Tom Steyer began his remarks upset that Wooldridge had repeatedly and incorrectly referred to his son as “Steve.”

“I don’t know if I believe anything else he says,” said Steyer, his voice raised. “He can’t even get my son’s name, that to me that’s just a complete insult.”

His tone soon lowered to a whimper when he began recounting his wife’s suffering.

After their son’s death, she was diagnosed with severe depression, he said. “She could not understand our justice system here in the United States.”

A native of Romania, where she was a captain in the prison system, Mihaela Steyer was highly educated. The couple met in in her home country where her future husband went for law enforcement training.
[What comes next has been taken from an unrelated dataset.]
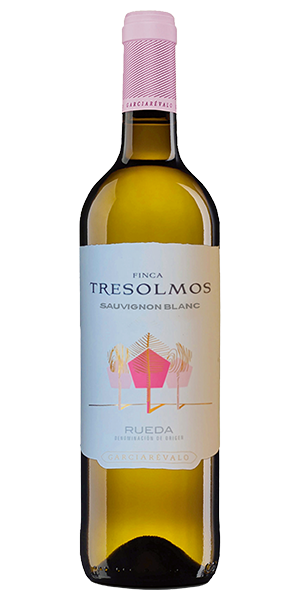 Bodegas Garciarevalo Tresolmos Sauvignon Blanc DO Rueda Spanien Sauvignon Blanc In der Nase Passionsfrucht, grüner Apfel und ein Hauch gelbe Peperoni. Am Gaumen verschmelzen Frucht und Struktur harmonisch. Der Abgang beeindruckt mit exotischen Fruchtnoten und Finesse. Wein kaufen.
They traveled the world with Louie before settling in the Las Vegas area.

She began to act like her normal self, Tom Steyer said. At a cruise last year, he even spotted her dancing, an activity she loved, before tragedy struck, he told the Las Vegas Review-Journal after the hearing.

However, “not a day went by that I did not find her crying someplace,” he told the court.

She’d received a preliminary cancer diagnosis, but she refused to seek treatment, seeing it as penance for failing her son, he said.

“This is what I deserve,” Tom recalled her saying. “I have to be with my son.”

Apartment by the cemetery

The couple moved to Ohio, renting an apartment with a patio overlooking the cemetery where Louie was buried next to his stillborn sister, Maria, Tom Steyer said. She would spend her days looking at the graveyard, he added.

Steyer said his wife’s grief turned to delusion. Some days, she would tell him their son was just playing hide-and-seek, a game she used to play with him.

Other days, she would accept he was dead, and say she couldn’t live without him, Steyer recalled.

Steyer said the Ohio medical examiner’s office hasn’t released her cause of death. She’s buried in the same plot as Louie and Maria.

Tom Steyer was left alone to pick up the pieces. Most mornings, he said, he grabs a coffee, walks about 100 yards to where his family is buried and talks to them.

“I never want to come back to this city again,” he told Bluth. “When I get back to Ohio, I want to be able to walk over to the cemetery and tell my wife and son that justice has finally been served.”

“I know that would make my wife very happy,” Steyer added.